For the material below, return exactly the lines starting at the line containing "Ancient Grain Khorasan" and ending at the line containing "Viper Skin Jasper", both ends included, and no others.

> [Material shown]
+---+

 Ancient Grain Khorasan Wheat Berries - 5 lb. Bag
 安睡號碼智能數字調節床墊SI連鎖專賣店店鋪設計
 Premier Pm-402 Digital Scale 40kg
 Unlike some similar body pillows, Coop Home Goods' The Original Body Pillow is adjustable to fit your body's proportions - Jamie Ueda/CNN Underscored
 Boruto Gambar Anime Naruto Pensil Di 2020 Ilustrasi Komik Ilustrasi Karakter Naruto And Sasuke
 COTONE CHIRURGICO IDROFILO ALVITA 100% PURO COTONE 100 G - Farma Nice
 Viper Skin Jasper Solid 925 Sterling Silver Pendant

+---+

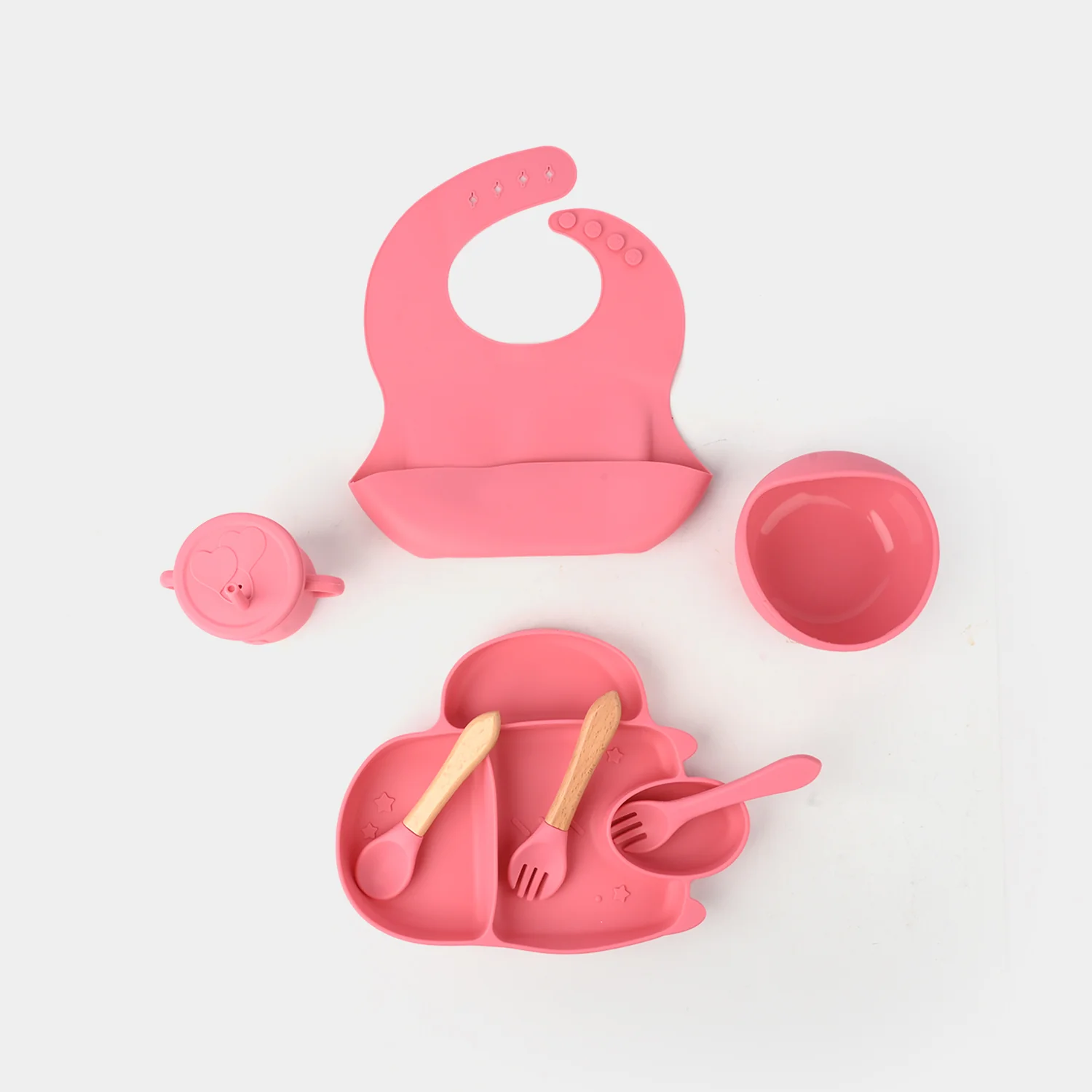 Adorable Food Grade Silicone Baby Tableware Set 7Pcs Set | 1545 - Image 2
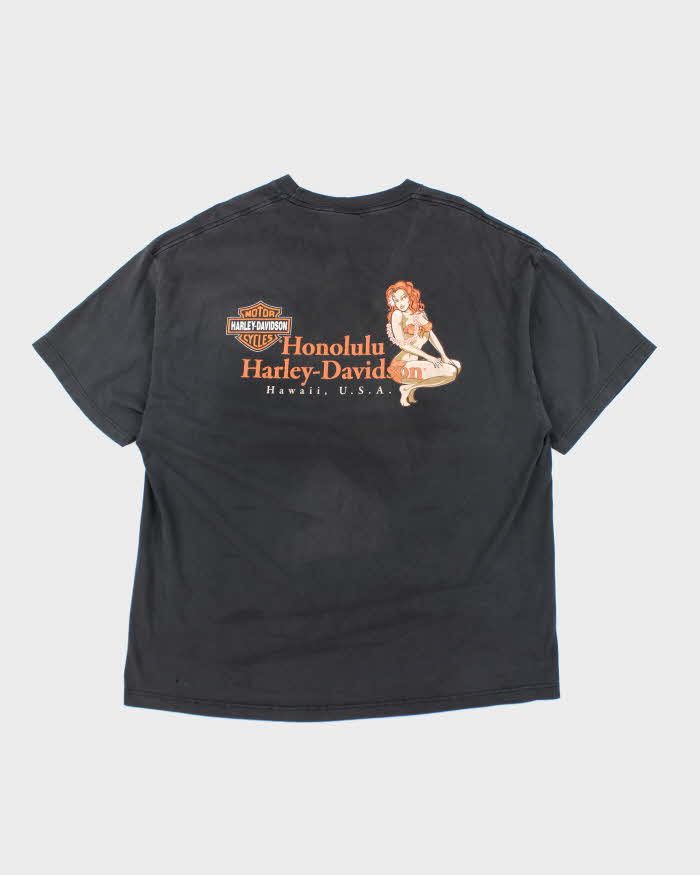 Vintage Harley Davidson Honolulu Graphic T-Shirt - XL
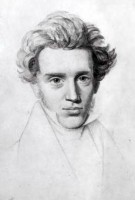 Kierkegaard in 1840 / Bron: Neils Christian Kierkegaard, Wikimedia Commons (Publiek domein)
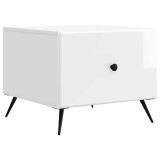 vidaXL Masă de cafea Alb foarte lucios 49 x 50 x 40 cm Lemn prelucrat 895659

+---+

> [Result of the exercise]
 Ancient Grain Khorasan Wheat Berries - 5 lb. Bag
 安睡號碼智能數字調節床墊SI連鎖專賣店店鋪設計
 Premier Pm-402 Digital Scale 40kg
 Unlike some similar body pillows, Coop Home Goods' The Original Body Pillow is adjustable to fit your body's proportions - Jamie Ueda/CNN Underscored
 Boruto Gambar Anime Naruto Pensil Di 2020 Ilustrasi Komik Ilustrasi Karakter Naruto And Sasuke
 COTONE CHIRURGICO IDROFILO ALVITA 100% PURO COTONE 100 G - Farma Nice
 Viper Skin Jasper Solid 925 Sterling Silver Pendant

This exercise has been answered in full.